C. Defendant’s Motion to Set Aside or Remit Jury Verdict
By its final argument, Defendant assigns error to the trial judge’s denial of its motion to set aside or remit the jury verdict. Defendant argues the jury award of $575,725.00 was excessive and was not “reasonable compensation” as contemplated under N.C. Gen. Stat. § 20-108(j). We disagree.
“An appellate court’s review of a trial judge’s discretionary ruling either granting or denying a motion to set aside a verdict and order a new trial is strictly limited to the determination of whether the record affirmatively demonstrates a manifest abuse of discretion by the judge.” Worthington v. Bynum, 305 N.C. 478, 482, 290 S.E.2d 599, 602 (1982). When reviewing a jury’s award, the appellate courts will not interfere with the judge’s discretion unless “the amount awarded is clearly or grossly excessive.” Hulin v. W. Union Tel. Co., 185 N.C. 470, 472, 117 S.E. 588, 590 (1923).
i. Duration of Storage
In arguing that the jury award was grossly excessive, Defendant contends it should be liable only for storage costs up to the filing date for the dispositional actions. In support of this contention, Defendant quotes Thompson-Arthur Paving Co. v. Lincoln Battleground Assocs., 95 N.C.App. 270, 382 S.E.2d 817 (1989), for the proposition that damages are limited to the “reasonable value of materials and services accepted by and that benefit the defendant.” Id. at 281, 382 S.E.2d at 823. Remarkably, Defendant argues its benefit terminated at the filing date of the dispositional actions.

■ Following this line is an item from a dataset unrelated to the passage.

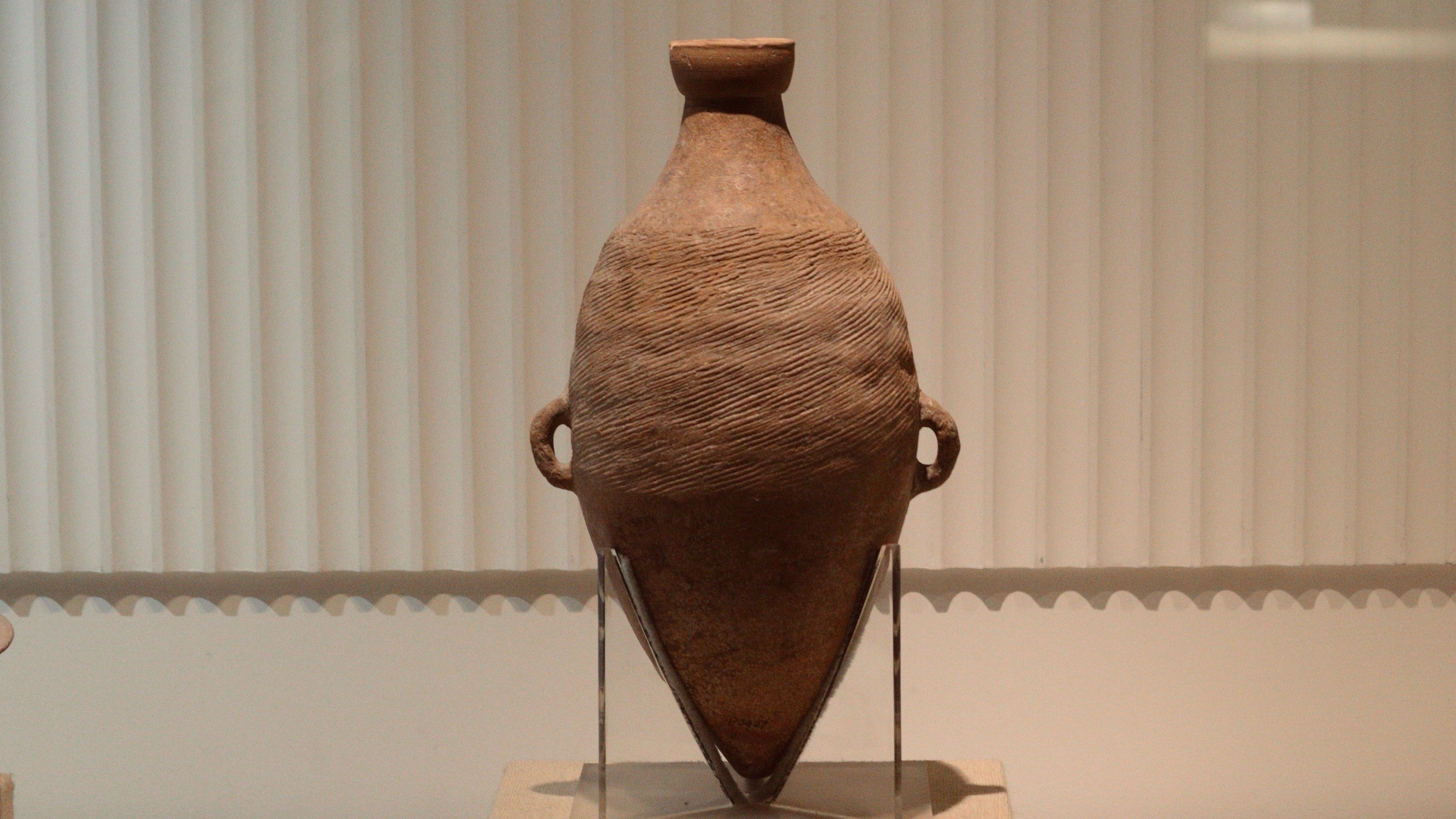 半坡遗址博物馆绝对是被忽略的宝藏地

However, the facts reveal that the motorcycles and parts remained in storage at Plaintiff’s facility far beyond the filing date of the dispositional actions. Because there exists no evidence or explanation as to the difference in the manner of storage or benefit to Defendant before and after the filing date of the Division’s dispositional actions, we conclude that the storage costs accrued to Defendant beyond the filing date of such actions.
ii. Plaintiff’s Recovery Under N.C. Gen.Stat. § 20-108(j)

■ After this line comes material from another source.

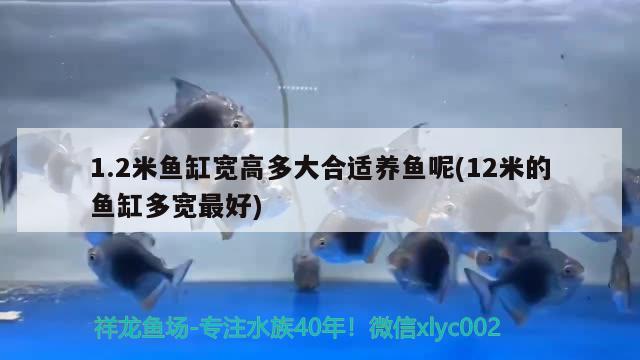 1.2米魚缸寬高多大合適養(yǎng)魚呢(12米的魚缸多寬最好)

Defendant next argues that section 20-108(j), and specifically the language entitling a storage company to “reasonable compensation as a claimant under (e),” limits Plaintiff’s recovery to the value of the parts and vehicles stored in Plaintiff’s facility.
N.C. Gen.Stat. § 20-108(j) provides that
an officer taking into custody a motor vehicle or component part under the provisions of this section is authorized to obtain necessary removal and storage services, but shall incur no personal liability for such services. The person or company so employed shall be entitled to reasonable compensation as a claimant under (e), and shall not be deemed an unlawful possessor under (a).
N.C. Gen.Stat. § 20-108(e) provides that
nothing in this section shall preclude the Division of Motor Vehicles from returning a seized motor vehicle or component part to the owner following presentation of satisfactory evidence of ownership, and, if determined necessary, requiring the owner to obtain an assignment of an identification number for the motor vehicle or component part from the Division of Motor Vehicles.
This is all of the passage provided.